Asyifa dan Della hanya dua saja dari bakat-bakat muda pesepak bola putri Kudus yang saya temui sore itu. Masih ada banyak lagi yang sore itu berlatih dengan gigih di lapangan Supersoccer Arena berlatar Gunung Muria.

Namun, Asyifa dan Della memang menjadi dua di antara beberapa pemain All-Stars Kudus yang dipanggil mewakili Indonesia di turnamen Junior Soccer School and League (JSSL) Singapura pada 7-20 April mendatang.

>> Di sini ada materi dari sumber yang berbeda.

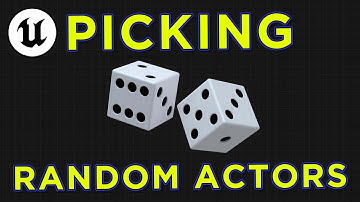 Picking Random Actors in your Blurprints - UE4/UE5 Tutorial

“Targetnya juara lah, Mas,” kata Della.

“Dengar-dengar lawan terkuat Filipina, tapi kami nggak takut,” sambung Asyifa.

Bocah-bocah perempuan yang berlatih di Supersoccer Arena. (Aly Reza/Mojok.co)

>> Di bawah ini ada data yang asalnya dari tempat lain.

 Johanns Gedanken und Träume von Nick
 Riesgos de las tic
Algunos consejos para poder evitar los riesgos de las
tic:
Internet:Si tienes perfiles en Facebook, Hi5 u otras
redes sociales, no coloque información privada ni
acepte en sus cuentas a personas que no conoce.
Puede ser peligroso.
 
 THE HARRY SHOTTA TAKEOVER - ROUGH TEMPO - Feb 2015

Azan Magrib berkumandang. Bocah-bocah itu lantas berhambur ke arah pelatih mereka, Coach Yayat Hidayat, untuk pembubaran sesi latihan sore itu.

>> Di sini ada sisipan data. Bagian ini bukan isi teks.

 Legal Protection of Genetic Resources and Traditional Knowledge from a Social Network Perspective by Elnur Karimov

Kepada Mojok, Ketua Pelaksana MLSC Budhi Tanoto mengungkapkan, Syifa adalah salah satu pemain sepak bola putri potensial yang dimiliki Kudus, bahkan Indonesia. Salah satu legenda Timnas Indonesia di tahun 1980-an ini mengatakan, saat ini makin banyak sekolah yang mengembangkan sepak bola putri. Berbeda dengan situasi beberapa tahun sebelumnya saat Djarum Foundation menginisiasi sepak bola putri.

Pada MLSC 2024, jumlah anak-anak atau remaja putri yang mengikuti turnamen seluruh Indonesia meningkat drastis mencapai 10.885 anak. Ia optimis, di masa depan, sepak bola putri akan bisa bicara banyak di pentas dunia. “Kami berharap makin banyak sekolah-sekolah dasar di Indonesia yang ada kegiatan sepak bola putrinya, ini untuk kemajuan sepak bola putri di Indonesia,” ujarnya.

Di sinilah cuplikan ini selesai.